- Status: Active
- Genre: Golf series
- Begins: 17 June 2023
- Ends: 23 July 2023
- Frequency: Annually
- Location: Outback Queensland
- Country: Australia
- Years active: 6
- Inaugurated: 2019
- Sponsor: Golf Australia, Tourism & Events Queensland
- Website: www.outbackqldmasters.com

= Outback Queensland Masters =

Golf event series

Outback Queensland Masters, also known as OQM, is an amateur golf tour and Australia's most remote golf series, presented by Golf Australia with Tourism & Events Queensland and the PGA of Australia.: Outback Queensland Masters series is the richest amateur prize pool in the world that takes place across five locations in outback Queensland offering $10,000 hole-in-one challenges, culminating in the 'Million Dollar Hole-in-one' challenge.

== History ==
The golf series was first launched in 2019 as part of the Queensland Government's "Year of Outback Tourism" events program that aimed to enhance the profile of Outback Queensland and boost tourism within the region.; The initial tournament took place in Roma, Mount Isa, Charleville, Longreach, Winton, and Boulia from 17 June - 28 July 2019.

== Format ==
The event is open to first-time, social, and amateur golfers. A player may enter the series in one of two separate groups, based on whether or not they hold a Golf Australia Handicap. Each individual event in the series is played over two 9-hole rounds held on the first and second days of the event respectively.

The OQM Series Championship may be won by a player entered with a Golf Australia Handicap, and is determined by the largest combined total point score of six 9-hole stableford scores.

The OQM Series Prize may be won by a player entered without a GA Handicap, and is based on a random draw. A player receives one entry into the draw once they have participated in three OQM events. Additional entries may be accepted if a player participates in four or more OQM events.

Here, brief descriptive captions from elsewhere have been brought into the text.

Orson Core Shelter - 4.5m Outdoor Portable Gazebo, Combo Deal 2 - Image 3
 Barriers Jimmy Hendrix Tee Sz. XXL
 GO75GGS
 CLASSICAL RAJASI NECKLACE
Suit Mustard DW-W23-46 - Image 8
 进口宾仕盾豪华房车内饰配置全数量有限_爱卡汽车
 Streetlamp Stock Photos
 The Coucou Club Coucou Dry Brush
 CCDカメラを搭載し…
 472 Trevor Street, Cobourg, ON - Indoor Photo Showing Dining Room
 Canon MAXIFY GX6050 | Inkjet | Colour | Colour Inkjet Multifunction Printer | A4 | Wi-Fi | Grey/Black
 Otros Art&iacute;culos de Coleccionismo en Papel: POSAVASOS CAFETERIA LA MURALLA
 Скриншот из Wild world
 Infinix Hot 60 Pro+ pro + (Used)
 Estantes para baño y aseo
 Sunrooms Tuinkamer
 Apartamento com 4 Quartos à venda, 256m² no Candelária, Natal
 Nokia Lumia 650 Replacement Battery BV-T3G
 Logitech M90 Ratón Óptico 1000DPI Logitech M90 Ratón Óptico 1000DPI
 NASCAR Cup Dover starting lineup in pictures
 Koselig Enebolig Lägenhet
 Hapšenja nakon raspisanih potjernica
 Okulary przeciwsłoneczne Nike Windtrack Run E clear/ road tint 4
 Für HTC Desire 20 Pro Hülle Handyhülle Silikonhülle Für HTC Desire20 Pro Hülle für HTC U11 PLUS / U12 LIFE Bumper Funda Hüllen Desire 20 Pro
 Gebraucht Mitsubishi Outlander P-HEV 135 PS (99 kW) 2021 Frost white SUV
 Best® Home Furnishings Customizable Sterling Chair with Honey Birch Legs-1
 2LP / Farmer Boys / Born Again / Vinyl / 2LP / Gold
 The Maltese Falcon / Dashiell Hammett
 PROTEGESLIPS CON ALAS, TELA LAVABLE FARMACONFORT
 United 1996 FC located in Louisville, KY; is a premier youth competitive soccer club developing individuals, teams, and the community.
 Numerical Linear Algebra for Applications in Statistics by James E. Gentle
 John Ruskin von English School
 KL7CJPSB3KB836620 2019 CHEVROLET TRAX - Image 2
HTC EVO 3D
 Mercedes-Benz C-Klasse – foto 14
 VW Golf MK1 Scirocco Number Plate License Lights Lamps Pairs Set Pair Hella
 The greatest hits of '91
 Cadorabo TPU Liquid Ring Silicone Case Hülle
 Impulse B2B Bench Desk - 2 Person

Both players in Group 1 and Group 2 are eligible for the $10,000 Hole-In-One Challenge prizes. The prizes will be won by the first eligible player to have a Hole-in-One on the designated hole during the two day event.

The Longreach Million Dollar Hole-in-One challenge is open to all players if they have played in at least two other OQM events. The $1,000,000 will be won by the first eligible player to have a Hole-in-One on the designated hole during the Longreach OQM event.

== By year ==

=== 2023 ===
The 2023 Outback Queensland Masters will take place over six consecutive weekends from 17 June to 23 July, spanning over 2,000 kilometres across Queensland’s Outback:

- St George - 17 & 18 June 2023
- Cunnamulla - 24 & 25 June 2023
- Quilpie - 1 & 2 July 2023
- Richmond - 8 & 9 July 2023
- Karumba - 15 & 16 July 2023
- Mount Isa - 21 & 23 July 2023

=== 2022 ===
The 2022 Outback Queensland Masters will take place in six destination across Outback Queensland, culminating at the Birdsville Dunes Golf Club

- Roma – 18 & 19 June 2022
- Tambo – 25 & 26 June 2022
- Barcaldine – 2 & 3 July 2022
- Winton – 9 & 10 July 2022
- Mount Isa – 16 & 17 July 2022
- Birdsville – 22, 23 & 24 July 2022

=== 2021 ===
The 2021 event took place over six locations, with more than 200 golfers taking part in the six week series. The sold out tournament travelled through Biloela, Charleville, Quilpie, Blackall, and Hughenden before wrapping up in Longreach.

The Blackall leg of the series attracted a record number of 143 amateur golfers taking part.

2021 Outback Queensland Masters Series Championship winners;
- Men: Laurie Binstead – Hervey Bay Golf Club – 117 points
- Women: Ann Backhouse – Murrumbidgee Golf Club – 119 points

=== 2020 ===
The 2020 event was cancelled due to COVID-19 travel restrictions.

=== 2019 ===
The inaugural event in 2019 attracted 2,692 attendees, contributed $1.55m to the Queensland economy and was awarded 'Best New Event' at the 2020 Australian Event Awards.